Gilmar Fabris contrapõe MPE e aponta economia de R$ 800 milhões

O deputado estadual Gilmar Fabris (PSD) contestou na tarde desta quinta-feira (12) a denúncia criminal oferecida pelo Ministério Público Estadual (MPE), que pede sua condenação pela suspeita de participação em um esquema de fraude em cartas de créditos emitidas para agentes fazendários lotados na Secretaria de Estado de Fazenda (Sefaz). Segundo a denúncia, o suposto esquema gerou prejuízo de R$ 398 milhões aos cofres públicos, conforme sustenta a Operação “Cartas Marcadas” da Polícia Civil. 

Em coletiva a imprensa, o parlamentar sustentou mais uma vez que não houve prejuízo algum aos cofres públicos, pois a categoria dos agentes fazendários, ao ter seus direitos reconhecidos por meio de uma sentença condenatória transitada em julgado pelo STF (Supremo Tribunal Federal), aceitou a redução do acordo tendo em vista a necessidade de receber os direitos com mais rapidez. “Não houve prejuízo algum. E ainda faço um desafio: se ficar comprovado que houve desvio de dinheiro eu renuncio ao meu mandato”, declarou.

Fabris, informou que por meio de seu advogado que requereu uma medida cautelar de produção antecipada de provas, o que culminou em uma perícia técnica autorizada pelo desembargador do Tribunal de Justiça, Pedro Sakamoto, que teria comprovado que não houve superfaturamento nos cálculos que reconheciam o direito a ser pago aos Agentes Fazendários.

 Em uma perícia feita pelo contador Leandro Freitas Curvo, foi apontado que o valor a ser pago deveria ser R$ 1,361 bilhão. No entanto, o Estado pagou R$ 456,306 milhões em cartas de crédito, gerando assim economia de R$ 826,326 milhões. 

“Destacamos que esta perícia se ateve aos direitos obtidos pela Ação nº 30.884/96 e de acordo com as legislações pertinentes, não se atendo a legalidade de emissão de documentos, nem tão pouco sobre legalidade dos acordos firmados. Sendo assim, concluímos que se executada a referida ação o valor corrigido pelo INPC e juros simples de 1% ao mês, com as devidas correções salariais (RVC, produtividade, verbas indenizatórias) o valor a pagar seria de R$ 1,361.407.602,27 bilhão”, assinalou.

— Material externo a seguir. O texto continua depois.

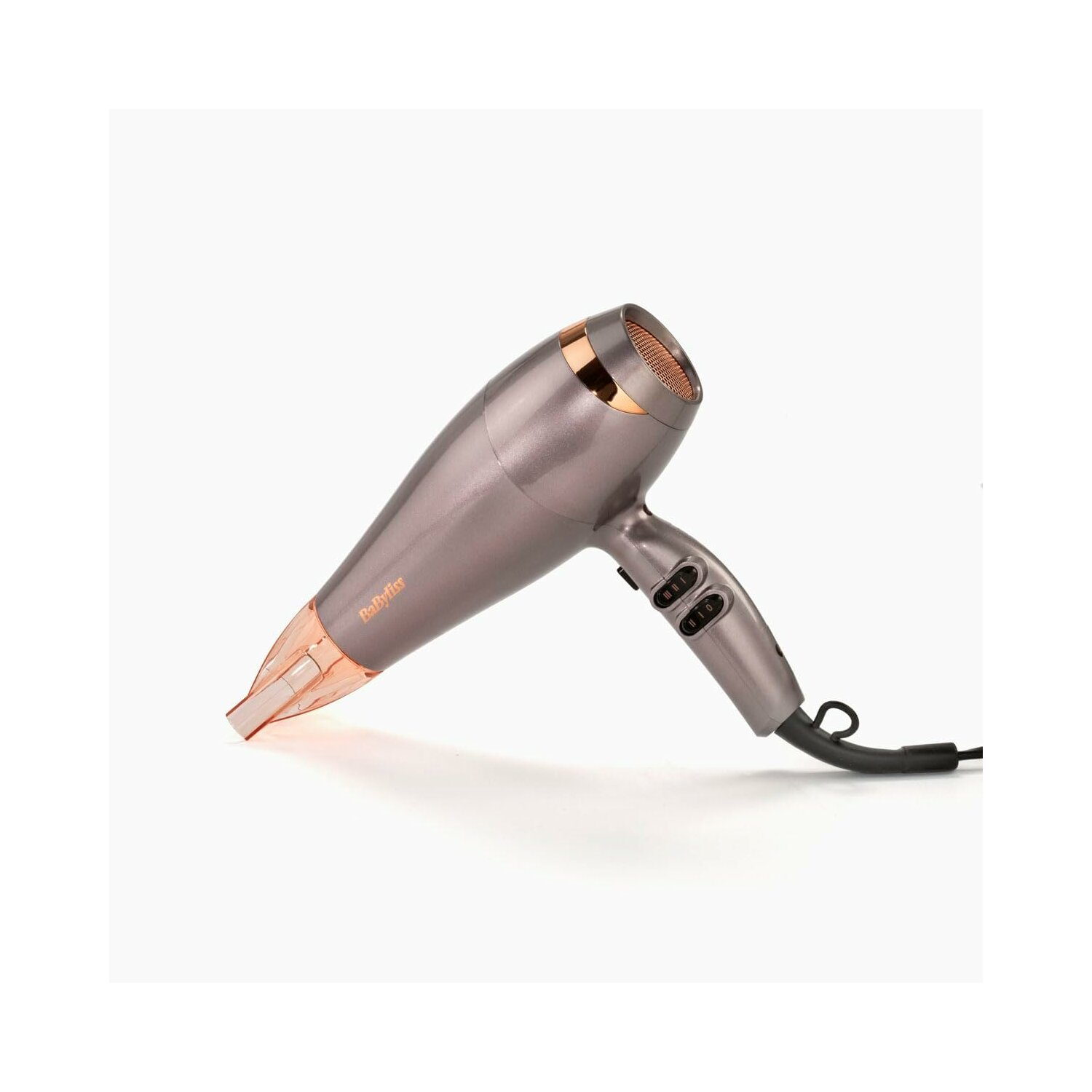 Szara i różowo-złota suszarka do włosów na białym tle.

Em 2008, o governo fez um acordo com a categoria dos agentes da administração fazendária para o pagamento de direitos trabalhistas por meio da emissão de certidões de cartas de créditos. Pelo acordo, foram expedidas duas cartas de créditos aos servidores.

Posteriormente, foram emitidas outras sem conhecimentos dos servidores, sendo que em três eles tomaram ciência da emissão e as demais cartas foram retiradas por 'representantes legais constituídos pela categoria', nesse caso, advogados que integravam a quadrilha, sem o conhecimento deles.

Porém, Fabris assegura que não houve crime algum e atribui a suspeita de superfaturamento a um equívoco do auditor do Estado, José Alves. “Do valor apresentado pela auditoria de R$ 1,3 bilhão, o Estado comprovadamente economizou R$ 800 milhões”, declarou.

Outro Lado

Em nota a assessoria de imprensa da Controladoria Geral do Estado reafirmou que o trabalho foi executado por equipe multidisciplinar e especializada de auditores do Estado, já que a auditoria foi minuciosa, criteriosa, cujos cálculos atingiram 100% do objeto analisado, ou seja, os cálculos foram realizados individualmente para cada servidor da carreira de Agentes de Administração Fazendária que assinou o acordo.

A CGE reafirma o resultado do trabalho e a metodologia utilizada, baseada em critérios técnicos e regras de auditoria que estão demonstradas no relatório. A Controladoria Geral enfatiza que já firmou convencimento acerca do assunto na forma em que está posto no relatório. O trabalho foi realizado com convicção e entregue às autoridades competentes, como o Ministério Público Estadual (MPE) para os devidos encaminhamentos.